Activity >> Each line from the one containing "3068 Southwest Reif" to the end of the data must be copied exactly, the first and last included; no other lines and no pictures belong in the copy.

Given material >>
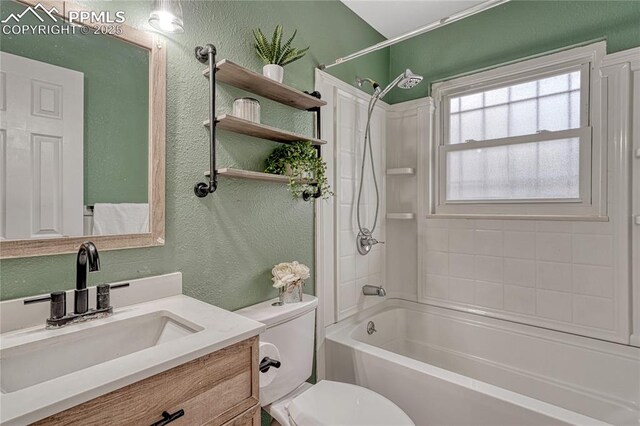 7108 Chippewa Rd, Colorado Springs, CO 80915 - full bathroom featuring a textured wall, vanity, and washtub / shower combination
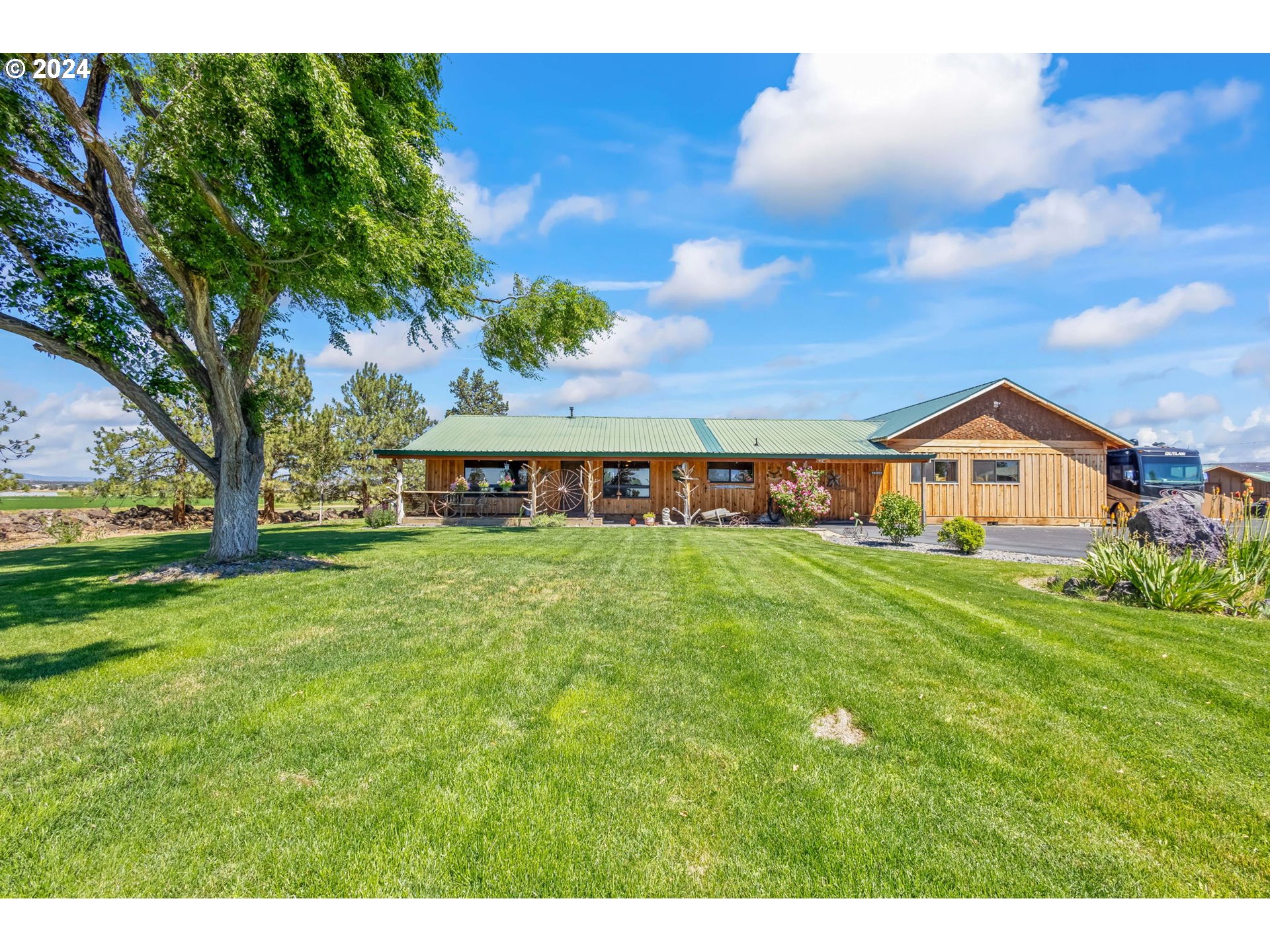 3068 Southwest Reif Road Powell Butte, OR 97753 - Photo 2 of 42 a front view of house with yard and seating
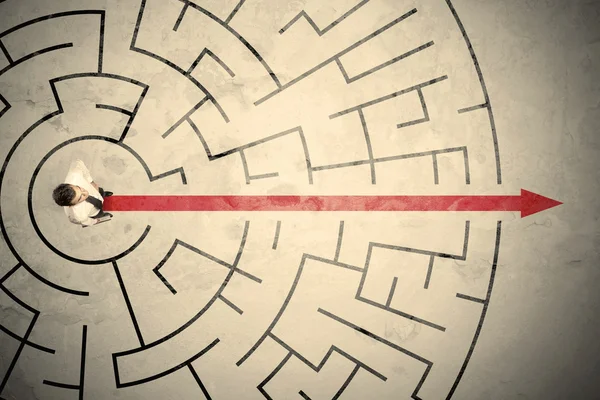 Business person standing in the middle of a circular maze — Stock Photo, Image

Solved exercise >>
 3068 Southwest Reif Road Powell Butte, OR 97753 - Photo 2 of 42 a front view of house with yard and seating
 Business person standing in the middle of a circular maze — Stock Photo, Image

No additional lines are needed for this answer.